Meine Lieblings-Trainingsstrecke: Von Trogen zum St. Anton und von da aus beliebig erweitern (Rheintal oder Appenzeller Vorderland). Auf der Strasse, versteht sich.

Meine Ziele 2018: In der Swiss Duathlon Serie schneller sein als letztes Jahr.
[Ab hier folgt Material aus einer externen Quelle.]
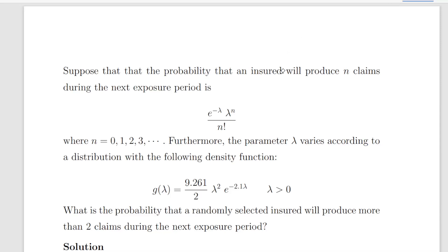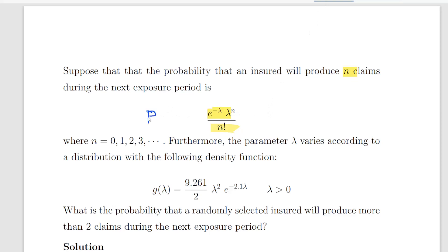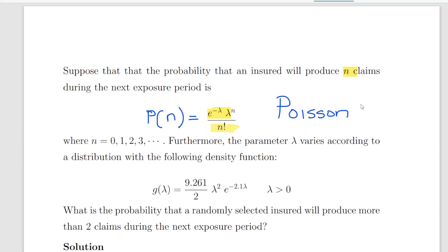In this presentation we are going to look at the negative binomial distribution. Suppose that the probability that an insured will produce n claims — where n is typically used for integers — during the next exposure period is given by the expression: e to the minus lambda times lambda to the power of n over n factorial. That is the Poisson distribution, with n equals 0, 1, 2, 3, and so on.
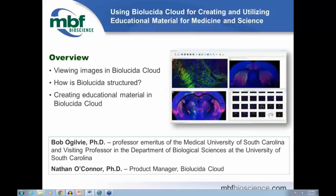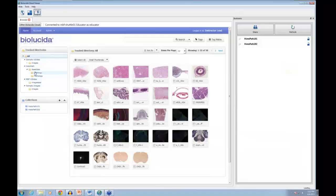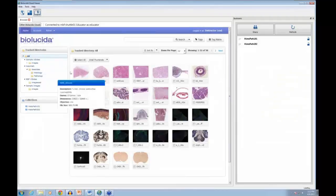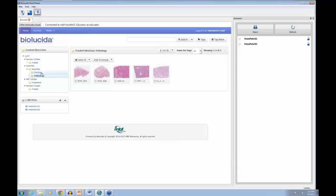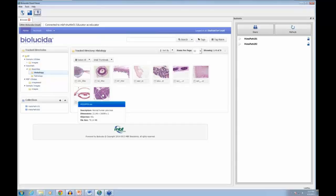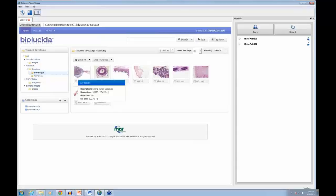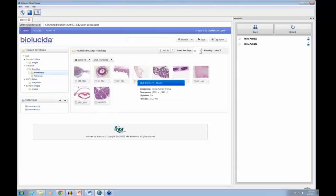Let's get started. As an educator, when you start up Biolucida you'll see a series of thumbnails corresponding to the directories on your server. Clicking on those directories navigates through your Biolucida server. If you have nested subdirectories, you'll see that exact structure here. You navigate to the slide you want and then click on its thumbnail.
Den Powerman Zofingen und das Radbergrennen Andeer-Juf.

Mein Highlight 2018: Der Powerman Zofingen.

Mein grösster Erfolg: Am Radbergrennen Andeer-Juf habe ich Jolanda Neff geschlagen und war Kategoriensieger U20 (der Trophäen-Granitstein hat einen besonderen Platz zuhause.)

Mich siehst du am meisten: In Vestoklamotten auf dem Renn- oder Triathlonvelo.

Das macht mich rasend: „Karrenschmiere“ auf meinen schönen leuchtgelben Team Socken.

Mein Motto: „Mer tuet jo sus nüt.“

 

Unsere Teamfahrer

Herzlichen Dank unseren Teamfahrern für die Unterstützung am Auffahrtslauf. …

Ohne diese coole Truppe und das Mitwirken unserer Mitarbeiter wäre dies gar nicht möglich.

Vesto Teamfahrer

Unser Teamfahrer Marcel Rieser

Marcel Rieser stellt sich vor:

Velofahren ist für mich: …Leidenschaft!

Meine Stärken: Bergauffahren.

Mein Handicap: Sprünge mit dem Bike.

Meine Lieblings-Trainingsstrecke: Trails rund um den Tannenberg und entlang der Sitter.

Mein unvergesslicher, grösster Erfolg: 3 Gesamtsiege am Ostschweizer Bike Cup.

Mich siehst du am meisten in/auf/beim/ etc.: Mit dem Bike auf den Trails rund um St. Gallen.

Mein Motto: Vollgas so lange es geht.